I can. I used to be able to hold my leg above my head.


----------



## engllishboy

Witch-King said:


> I can. I used to be able to hold my leg above my head.


I still can. I do have to be lying down at the time though. :whistling:


----------



## Brawn

I can but it hurts like hell I think my legs are to long.


----------



## phys sam

MillionG said:


> Yes.
> 
> Anyone can with a little stretching over a couple of weeks.


In the words of 'nan taylor' - what a load of ****!


----------



## SALKev

No :sad:


----------



## TIMMY_432

No! I'm really not the most flexible of people lol


----------



## lucasso

Yes I can. But just when I seat  Stretching!! Try to force myself to do that form years!


----------



## DAZ4966

I used to be able to, but a slipped disc put a stop to that!


----------



## Will101

Not a chance! Half way down my shins and thats it!


----------



## YetiMan1436114545

No.


----------



## jamieGSi

i cant even see my toes


----------



## MillionG

phys sam said:


> In the words of 'nan taylor' - what a load of ****!


Alright then, anyone who is healthy and and not decrepid or injured in some way.

Or am I wrong? What reason could there be other than those?


----------



## Paul_k2

When i was 12/13 i seen Van Damme do the splits on the chairs in Bloodsport and i thought WOW. So i bought a book called stretching scientifically and learnt how to do the splits both ways, it took about 8 months to do. I could keep my leg straight and touch my toe with my elbow but these days im no where near as flexible, i can still touch my toes quite comfortably tho.


----------



## rfc

I can touch the floor. Couldn't before I started training, used to do a lot of bike riding and nothing else, had quite tight hamstrings.


----------



## tom0311

MillionG said:


> Yes.
> 
> Anyone can with a little stretching over a couple of weeks.


Wrong, I can't get anywhere near it. Halfway down my shins is as far as I can go, and I stretch a lot. Can't remember ever being able to either...



MillionG said:


> Alright then, anyone who is healthy and and not decrepid or injured in some way.
> 
> Or am I wrong? What reason could there be other than those?


No idea what the reason is, just never been able to. Hammys always feel like they're about to tear in half. Believe me I've done stretches for a while, no change.


----------



## vlb

i wish i could

my lower back is reeeeeally tight all the time so i struggle to get my socks on at times....


----------



## vlb

Paul_k2 said:


> When i was 12/13 i seen Van Damme do the splits on the chairs in Bloodsport and i thought WOW. So i bought a book called stretching scientifically and learnt how to do the splits both ways, it took about 8 months to do. I could keep my leg straight and touch my toe with my elbow but these days im no where near as flexible, i can still touch my toes quite comfortably tho.

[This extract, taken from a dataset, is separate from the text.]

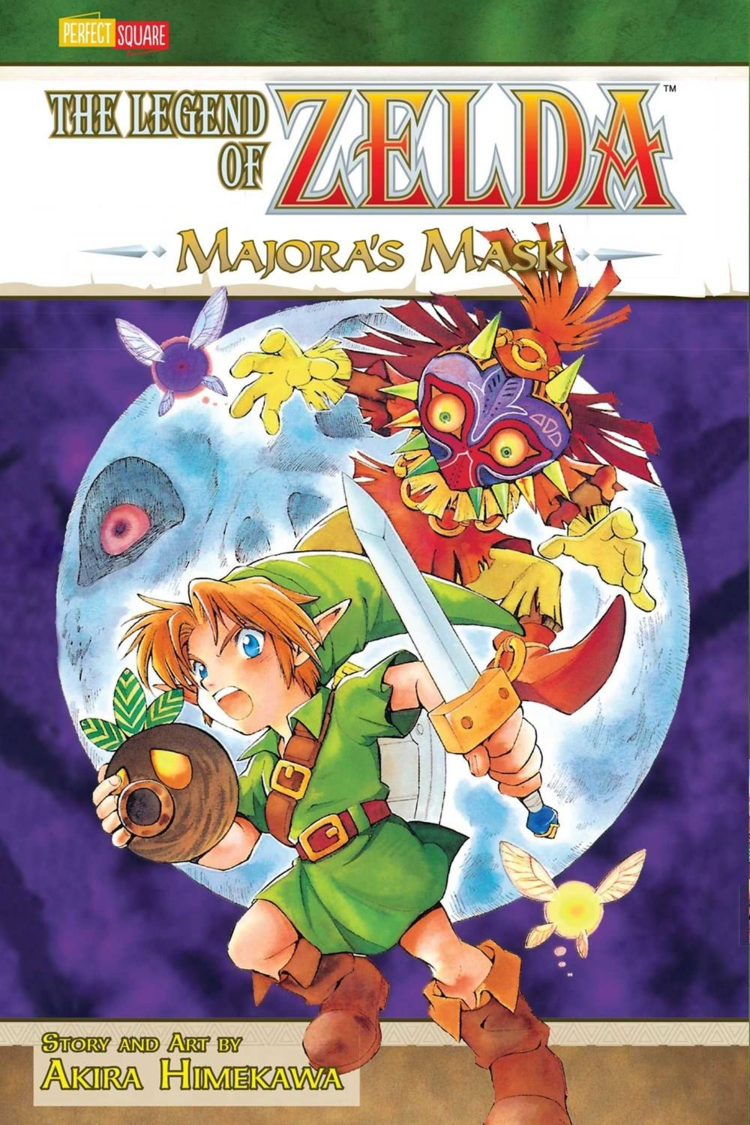 VIZ MEDIA LLC LEGEND OF ZELDA GN VOL 03 (OF 10)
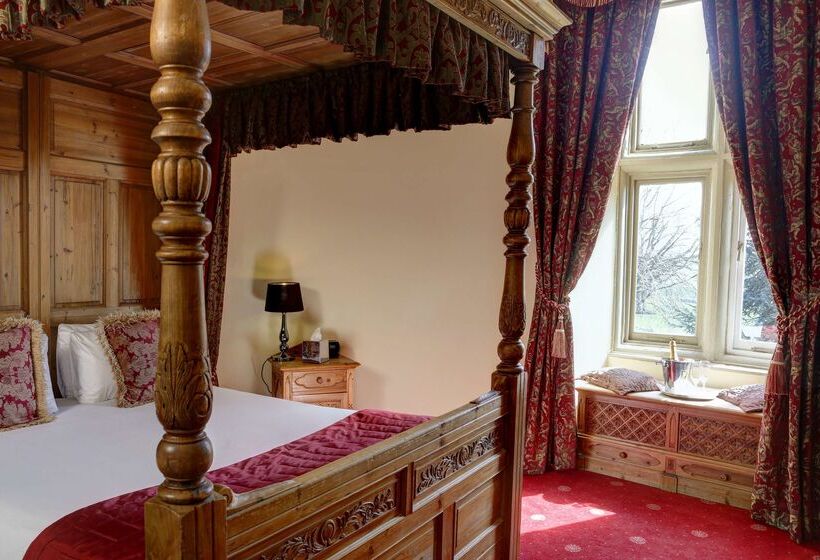 هتل Best Western Walworth Castle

awesome mate, good ol days eh:beer:


----------



## flynnie11

no, and never have been able to


----------



## Guest

yes, yes i can touch my toes.

used to be able to do the splits aswell, Well, nearly.

Tom, your assuming your stretching correctly. (as im assuming your not) Theres a difference between trying to touch your toes and bouncing at the bottom a few times, and actually stretching, be it static or dynamic. Theres also alot yoga can do.


----------



## PaulB

I prefer watching the girlfriend touch her toes preferably when shes just got out of the shower. :tt2:


----------



## mal

im pretty supple,i can get my head between my legs no probs.


----------



## Guest

ANGLIK said:


> I prefer watching the girlfriend touch her toes preferably when shes just got out of the shower. :tt2:


Pics, or it didnt happen :whistling:


----------



## PaulB

mikex101 said:


> Pics, or it didnt happen :whistling:


Tried mate, the camera keeps steaming up:lol:


----------



## Guest

haha, ill let you off then.


----------



## tom0311

ANGLIK said:


> Tried mate, the camera keeps steaming up:lol:


Or is the lens cracking? :tongue:

Maybe I'm not stretching perfectly but still, I thought average stretching would make a difference after so long! My hammys feel like they're about to ping if I get too low.


----------



## DB

DAZ4966 said:


> I used to be able to, but a slipped disc put a stop to that!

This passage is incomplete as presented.